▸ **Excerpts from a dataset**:

***

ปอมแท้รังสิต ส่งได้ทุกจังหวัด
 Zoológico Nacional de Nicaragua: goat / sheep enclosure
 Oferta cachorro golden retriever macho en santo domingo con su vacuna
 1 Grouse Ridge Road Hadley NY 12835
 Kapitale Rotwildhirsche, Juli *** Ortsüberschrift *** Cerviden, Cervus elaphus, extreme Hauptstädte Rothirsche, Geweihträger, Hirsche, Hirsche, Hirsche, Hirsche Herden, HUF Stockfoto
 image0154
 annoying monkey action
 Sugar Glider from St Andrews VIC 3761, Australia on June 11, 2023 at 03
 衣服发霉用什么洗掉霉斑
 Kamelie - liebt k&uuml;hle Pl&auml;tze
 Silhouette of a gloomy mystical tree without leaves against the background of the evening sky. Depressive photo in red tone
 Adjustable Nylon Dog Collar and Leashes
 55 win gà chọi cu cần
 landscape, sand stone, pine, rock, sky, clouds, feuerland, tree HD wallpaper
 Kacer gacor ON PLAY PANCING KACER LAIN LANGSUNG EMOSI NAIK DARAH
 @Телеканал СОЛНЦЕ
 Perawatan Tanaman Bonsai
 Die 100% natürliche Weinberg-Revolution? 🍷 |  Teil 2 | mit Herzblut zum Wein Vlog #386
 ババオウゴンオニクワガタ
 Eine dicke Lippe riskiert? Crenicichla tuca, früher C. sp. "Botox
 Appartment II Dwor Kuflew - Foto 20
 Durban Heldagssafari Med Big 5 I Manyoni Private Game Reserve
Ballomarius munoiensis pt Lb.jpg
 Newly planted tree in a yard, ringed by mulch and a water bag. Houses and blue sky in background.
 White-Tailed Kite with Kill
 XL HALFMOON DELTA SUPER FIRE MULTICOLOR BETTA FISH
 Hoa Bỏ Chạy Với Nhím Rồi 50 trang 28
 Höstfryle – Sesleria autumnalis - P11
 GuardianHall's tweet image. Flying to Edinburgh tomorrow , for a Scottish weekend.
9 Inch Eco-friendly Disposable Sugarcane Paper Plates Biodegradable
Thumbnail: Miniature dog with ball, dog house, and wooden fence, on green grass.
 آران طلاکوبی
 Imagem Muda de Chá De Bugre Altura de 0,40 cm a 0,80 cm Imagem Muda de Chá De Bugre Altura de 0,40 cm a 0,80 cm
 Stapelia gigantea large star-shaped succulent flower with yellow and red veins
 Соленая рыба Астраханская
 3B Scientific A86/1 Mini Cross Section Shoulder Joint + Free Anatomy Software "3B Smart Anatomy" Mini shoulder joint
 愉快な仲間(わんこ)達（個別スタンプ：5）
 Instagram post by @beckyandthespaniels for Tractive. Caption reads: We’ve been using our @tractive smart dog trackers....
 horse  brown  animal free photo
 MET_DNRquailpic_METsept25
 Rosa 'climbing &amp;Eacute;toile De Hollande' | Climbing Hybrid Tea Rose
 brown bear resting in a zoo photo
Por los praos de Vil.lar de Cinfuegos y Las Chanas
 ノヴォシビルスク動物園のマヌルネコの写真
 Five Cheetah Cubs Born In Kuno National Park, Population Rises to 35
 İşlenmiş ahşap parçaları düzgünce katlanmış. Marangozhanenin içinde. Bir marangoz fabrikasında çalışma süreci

***

▸ **What you should do**: Retype, exactly and in full, the lines above from the one containing "Ballomarius munoiensis pt Lb.jpg" through the one containing "GuardianHall's tweet image.".

▸ **Output of the task**:
Ballomarius munoiensis pt Lb.jpg
 Newly planted tree in a yard, ringed by mulch and a water bag. Houses and blue sky in background.
 White-Tailed Kite with Kill
 XL HALFMOON DELTA SUPER FIRE MULTICOLOR BETTA FISH
 Hoa Bỏ Chạy Với Nhím Rồi 50 trang 28
 Höstfryle – Sesleria autumnalis - P11
 GuardianHall's tweet image. Flying to Edinburgh tomorrow , for a Scottish weekend.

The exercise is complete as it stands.